CATTLEYA, J., delivered the opinion of the Cart. JEREMY, C.J., wrote a separate concurrence.

On a sunny Spring afternoon, we granted cartiorari to Sinplicity under Rule of Procedure 2-2 by making a sua sponte appearance at its truck. Sinplicity is a maker of hand-crafted ice creams and sorbets. I have been very open about my love of frozen treats, and the Chief Justice was willing to try Sinplicity’s desserts, since they were not cupcakes. See In re Dangerously Delicious Pies, 4 Catt. 4 (2011) (Jeremy, C.J.) (“[S]hould the case of any cupcake truck come before this Cart, I vow now, given my severe aversion to cupcakeries, to recuse myself.”) Thus with no obstacles in our way, we lined up for Sinplicity’s artisan creations.



Sinplicity asserts that its ice creams are “sinply” different. It explains that it “pasteurize[s] [its] own ice cream mixes from fresh local dairy products.” Everything is “cooked entirely in house,” and there are “no compounds or extracts” in the recipes (except for a little vanilla extract). The mixes are made in a gelato machine. This results in a product that’s a mix between gelato and ice cream: gelato’s flavor and texture with ice cream’s high fat content.

Speaking of the fat content, Sinplicity does not hide the fact that it’s selling a treat. It bills its frozen creations as “special occasion stuff” and “self-indulgence territory.” It tells the eater that “you don’t want to know” the nutritional information. For those that really do want to know, Sinplicty provides calorie counts. Averaging its most popular flavors, Sinplicity’s website says that one scoop of ice cream is 290 calories (150 from fat) and one scoop of sorbet is 120 calories (0 from fat).


Under our common law, a presumption arises that the Supreme Cart must affirm any “street food” that comes off a food truck. Street food is “the kind[] of food[] that can be cooked in front of you and [is] meant to be eaten with your hands, without forks, while standing up.” In re Eat Wonky (The Whoopie Pie Case), 2 Catt. 5 (2011).
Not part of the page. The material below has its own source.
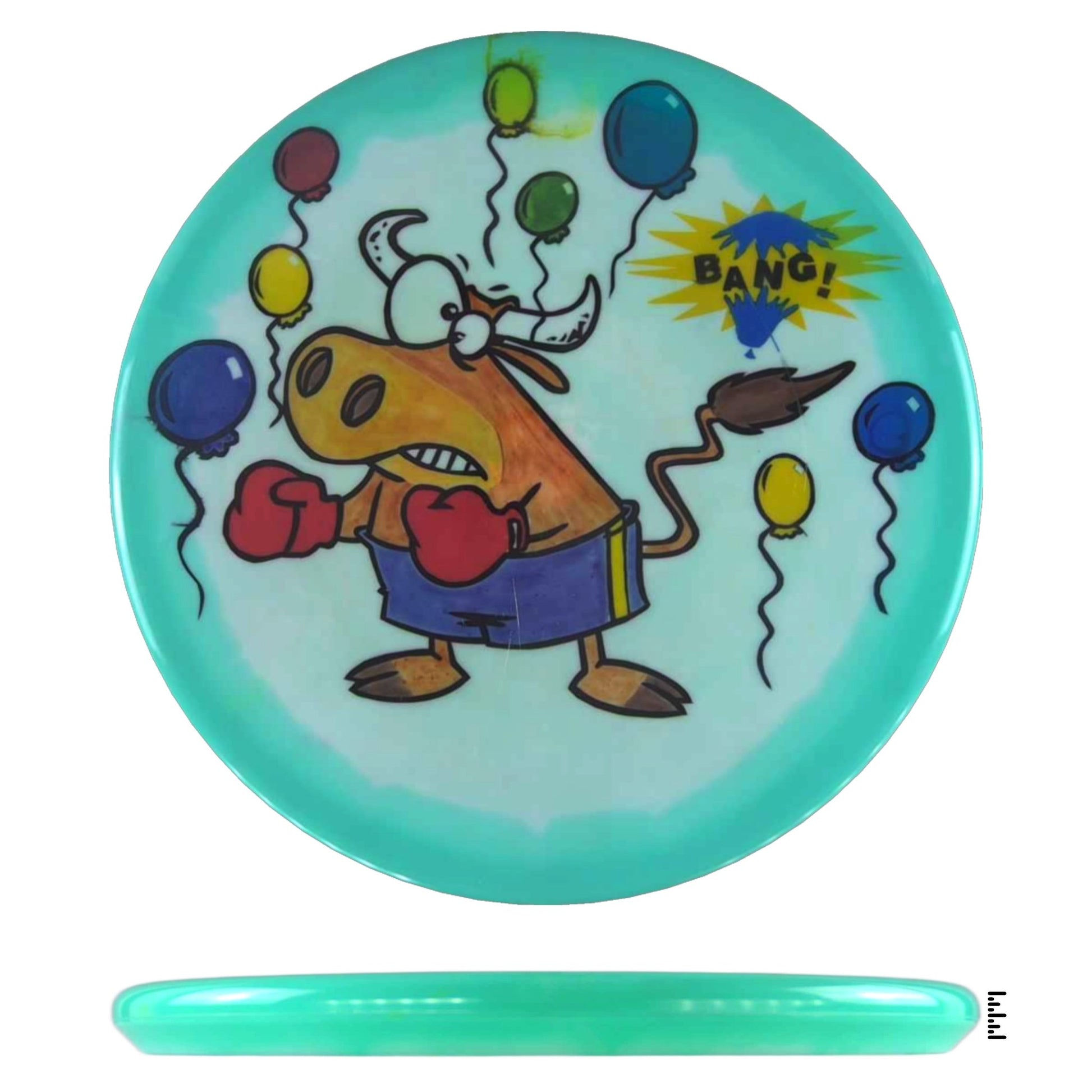 Innova Halo Toro - Custom Dye - Bullfight - 171 - Powergrip USA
If a food truck’s offering constitutes street food, then we must affirm unless we can meet the burden to rebut the presumption. In re Big Cheese, 6 Catt. 2 (2012).

Ice creams and sorbets are street food. Although they’re usually scooped (not cooked) in front of you, and although they may be eaten with a spoon, they can be eaten while standing up. Not every prong of the Eat Wonky test must be strictly met, as the test “is not intended to affirmatively define the entire class of ‘street food,’ but is rather intended only to be a multifactor test to guide and direct our analysis.” In re Hot People Food (The Hot People Dumplings Case), 6 Catt. 4 (2012). As further evidence that ice cream is true street food, we note that mobile food trucks in the District of Columbia currently operate according to a 35-year-old law intended for ice cream trucks. Thus, historically, ice cream has been sold and eaten on the street.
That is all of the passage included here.